Clayton, we may say, comes from a particular set of cultural conditions of racism, slavery, poverty, institutionalized and normalized violence, that makes the Hellhound- on -My- Trail not a poetic device for yet another woe-begone tale, but rather an allegorical representation of what is a fact of their existence. Mailer insists that black Americans have a knowledge unknown to most whites that violence can be visited on them for any reason at anytime precisely because they are black and "other". Jagger is the character, the young man, who enters into a Life on the edge and entertains his senses with the expectation that nothing matters and that this state of bliss, or the naive arrogance of thinking that one's pleasure is all that actually matters. Jagger's horror is that of the sudden, brutal and blunt realization that there are prices to pay for the indulgence, the excessive use of self-seeking. It is a knowledge that comes too late and the singer here trembles when there is a crushing sense that he is near the end of his tether. This fits in with what I think has been Jagger's real genius as an artist since he wrested command of the Rolling Stones away from Brian Jones, his ability, in conjunction with Richard's uniquely primitivist approach to rock and roll roots music, to assume several personas--droogy punk, drug addict,revolutionary, Satanist, hedonist, Sadist, bluesman, troubadour--without overburdening the songs with so much detail and contrived attitude that the music collapses under so many layers of baloney. He's been someone who has pretended to be many things but who, himself, is not pretentious, a distinction in that Jagger's interest is in the emotion, the sensation, the real stuff of experience. The emotional range he's been able to write from over the decades is extraordinary, far broader than his contemporaries, say, Lou Reed, Dylan, Lennon. Only Bowie, from what I think of at the moment, comes close to the variety of attitudes he's been able to inhabit, but even there-there is something always a little calculated in Bowie's keep--them-guessing stance. Jagger, in his best work, which I believe is a big part of his total ouvre (discounting the solo albums), is more fluid in his transitions from one voice to another. 

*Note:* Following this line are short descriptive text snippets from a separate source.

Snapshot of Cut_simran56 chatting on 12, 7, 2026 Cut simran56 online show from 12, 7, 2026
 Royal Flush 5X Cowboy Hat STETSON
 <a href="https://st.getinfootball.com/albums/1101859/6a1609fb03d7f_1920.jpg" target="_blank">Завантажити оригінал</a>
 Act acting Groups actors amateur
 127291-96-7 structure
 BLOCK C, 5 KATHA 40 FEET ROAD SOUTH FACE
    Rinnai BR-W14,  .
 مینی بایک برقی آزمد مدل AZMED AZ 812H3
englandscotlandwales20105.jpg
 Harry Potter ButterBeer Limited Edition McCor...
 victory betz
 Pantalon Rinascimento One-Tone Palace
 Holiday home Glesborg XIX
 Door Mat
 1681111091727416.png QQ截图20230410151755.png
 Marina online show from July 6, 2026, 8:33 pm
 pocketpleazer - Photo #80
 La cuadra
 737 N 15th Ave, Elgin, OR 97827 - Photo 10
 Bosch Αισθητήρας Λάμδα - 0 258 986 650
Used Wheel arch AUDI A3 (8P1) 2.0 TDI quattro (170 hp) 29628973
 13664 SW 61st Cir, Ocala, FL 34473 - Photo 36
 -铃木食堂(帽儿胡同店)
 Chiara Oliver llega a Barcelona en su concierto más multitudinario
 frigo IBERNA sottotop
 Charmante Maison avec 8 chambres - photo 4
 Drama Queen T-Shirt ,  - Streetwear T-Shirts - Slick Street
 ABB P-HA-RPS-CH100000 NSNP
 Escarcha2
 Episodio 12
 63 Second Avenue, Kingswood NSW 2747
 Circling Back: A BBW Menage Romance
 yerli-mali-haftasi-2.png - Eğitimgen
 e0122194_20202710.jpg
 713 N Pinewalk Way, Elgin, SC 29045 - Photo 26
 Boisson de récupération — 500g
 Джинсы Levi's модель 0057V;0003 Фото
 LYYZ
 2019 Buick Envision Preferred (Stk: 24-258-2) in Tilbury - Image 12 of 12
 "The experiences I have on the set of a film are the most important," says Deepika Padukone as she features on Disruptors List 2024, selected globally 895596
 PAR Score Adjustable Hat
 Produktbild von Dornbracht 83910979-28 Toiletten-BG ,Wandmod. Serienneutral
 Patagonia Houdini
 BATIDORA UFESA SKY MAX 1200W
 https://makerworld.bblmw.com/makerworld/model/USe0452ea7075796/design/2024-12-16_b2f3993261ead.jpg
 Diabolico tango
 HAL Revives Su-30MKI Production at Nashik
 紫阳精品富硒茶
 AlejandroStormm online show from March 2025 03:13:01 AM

Jagger has the ability to create from a constructed identity and convince you of his empathy with the plight and drama of antagonist and protagonists; he has the instincts of a good short story writer, no less than Hemingway, O'Conner, Cheever. Fundamental to all this is Keith Richard, who's music contributions keep Jagger focused, believable, credible, relevant to the loud and soft noises that occupy a listener's life. Jagger is in awe of the sheer magnitude of a universe and existence that could make his life less than the sum of a box of burnt matches, but along with the fear is the attraction to the foul powers that lurk outside. There is a going back in forth through the song, while that persistent, descending chord progression hammers away, like a pounding at the door from a debtor claiming what's due him, the short blues riffs and the wailing, two note harmonica screeches that seem nothing other than a hard, cold wind blowing against the windows. It's a tension that builds and won't build, panic and exhilaration, extinction and transcendence felt in an overwhelming rush until Merry Clayton's unyielding exhortation of the chorus gives you release; the iconic cracking of voice on her final reading of the lyric is powerful enough to suggest that a door you've been pounding on for the shelter you've been demanding, praying for finally opens and you collapse, relieved, shivering, twitching under the might of the storm that seeks to extinguish you. It is a brilliant song, a masterful performance, a musical masterpiece, all that. This is one of these tracks where one needs to confront the raw phenomenology is experience and rethink any all certainties one has about what life owes them.